This is problem $2.11$ page $133$ of Kenji Ueno's book.
Consider an irreducible hypersurface $V(F)$ where we assume that the homogeneous polynomial of degree $d$ satisfies the conditions $F(0,x_{1},..,x_{n}) \neq 0$ and $F(1,0,...0) \neq 0$.
Let $P=(1:0:...:0)$. For a point $Q \in V(F)$ let $R(Q)$ be the intersection of the line $PQ$ with the hyperplane $H_{\infty}: x_{0}=0$. Let $\phi_{P}: Q \in V(F) \rightarrow R(Q) \in H_{\infty}$.
Prove that for a point $R \in H_{\infty}$ there is a point $Q \in V(F)$ such that $R(Q)=R$.
I'm not sure how to write this.
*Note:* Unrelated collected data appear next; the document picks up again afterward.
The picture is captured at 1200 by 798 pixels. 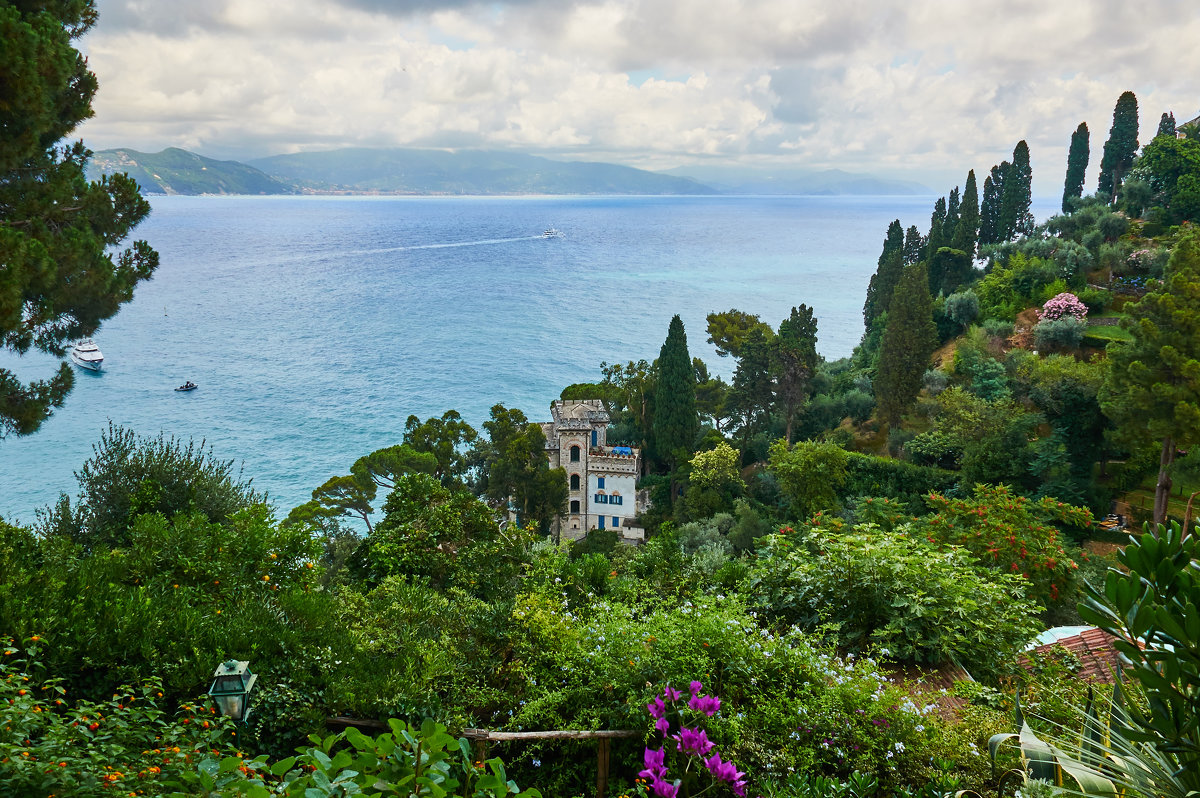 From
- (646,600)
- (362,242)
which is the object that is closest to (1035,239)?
(646,600)

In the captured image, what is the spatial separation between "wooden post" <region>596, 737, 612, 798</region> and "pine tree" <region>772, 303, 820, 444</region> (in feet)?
85.4

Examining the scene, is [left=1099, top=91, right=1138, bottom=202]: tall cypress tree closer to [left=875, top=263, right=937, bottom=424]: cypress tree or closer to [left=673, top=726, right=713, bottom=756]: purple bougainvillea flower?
[left=875, top=263, right=937, bottom=424]: cypress tree

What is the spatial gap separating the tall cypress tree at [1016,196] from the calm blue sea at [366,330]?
78.2 feet

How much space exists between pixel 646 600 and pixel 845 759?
231 cm

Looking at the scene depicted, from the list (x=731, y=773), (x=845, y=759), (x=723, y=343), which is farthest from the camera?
(x=723, y=343)

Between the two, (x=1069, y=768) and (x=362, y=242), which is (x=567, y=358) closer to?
(x=1069, y=768)

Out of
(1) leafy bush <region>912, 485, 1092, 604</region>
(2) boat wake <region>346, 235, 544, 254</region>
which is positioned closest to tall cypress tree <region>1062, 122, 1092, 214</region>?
(1) leafy bush <region>912, 485, 1092, 604</region>

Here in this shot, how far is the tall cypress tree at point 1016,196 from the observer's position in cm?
3456

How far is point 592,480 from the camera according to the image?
1100 inches

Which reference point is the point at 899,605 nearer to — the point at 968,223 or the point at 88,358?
the point at 968,223

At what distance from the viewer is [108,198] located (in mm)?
8664

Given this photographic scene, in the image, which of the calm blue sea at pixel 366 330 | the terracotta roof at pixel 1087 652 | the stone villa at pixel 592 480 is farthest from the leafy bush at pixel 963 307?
the calm blue sea at pixel 366 330

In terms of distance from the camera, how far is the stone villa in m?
27.6

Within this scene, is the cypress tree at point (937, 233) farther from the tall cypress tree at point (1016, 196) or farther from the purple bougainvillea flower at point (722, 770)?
the purple bougainvillea flower at point (722, 770) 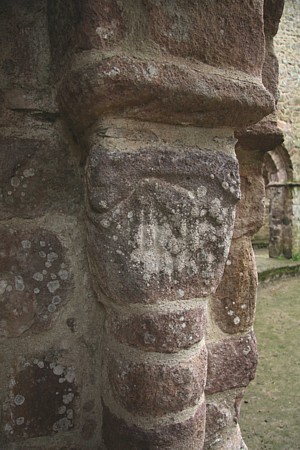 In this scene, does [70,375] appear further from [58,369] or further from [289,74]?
[289,74]

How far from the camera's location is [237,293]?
0.91m

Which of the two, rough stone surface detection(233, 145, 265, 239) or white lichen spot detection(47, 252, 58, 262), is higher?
rough stone surface detection(233, 145, 265, 239)

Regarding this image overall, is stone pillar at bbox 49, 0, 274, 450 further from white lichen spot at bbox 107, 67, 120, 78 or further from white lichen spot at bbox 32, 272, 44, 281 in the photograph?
white lichen spot at bbox 32, 272, 44, 281

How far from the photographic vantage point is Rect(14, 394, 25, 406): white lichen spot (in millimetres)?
746

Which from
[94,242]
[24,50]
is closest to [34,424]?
[94,242]

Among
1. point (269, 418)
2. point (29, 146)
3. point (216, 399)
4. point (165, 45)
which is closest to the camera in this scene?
point (165, 45)

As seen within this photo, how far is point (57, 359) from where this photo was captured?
77cm

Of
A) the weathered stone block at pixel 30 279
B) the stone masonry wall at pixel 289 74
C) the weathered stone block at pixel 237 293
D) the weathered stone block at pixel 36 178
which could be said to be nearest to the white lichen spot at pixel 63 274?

I tried looking at an example, say we are in $\mathbb{P}^{2}$ and $F(x,y,z)=xz+y^{2}$ then $\phi_{P}$ is the map that sends $(x:y:z)$ to $(0:y:z)$.
So suppose we have a point $(0:b:c) \in H_{\infty}$, we want to find a point $(u:v:w) \in V(xz+y^{2})$ such that $\phi_{P}(u:v:w)=(0:b:c)$. Now take $b=1,c=3$.
This implies there is some nonzero $\lambda$ such that $v=\lambda b$ and $w= \lambda c$. Since $b=1$ and $c=3$ then $v=\lambda$ and $w=3\lambda$ so we need to solve $uw+v^{2}=0$. Plugging these values yields:
$u(3\lambda)+\lambda^{2}=0$
So take $u=(-1/3)\lambda$. Thus setting $\lambda=-3$ gives $u=1$, $v=-3$, $w=-9$.
Then $(u:v:w) \in V(F)$ and the map sends this point to $(0:-3:-9)=(0:1:3)$ as desired.
How can we write this in a general way?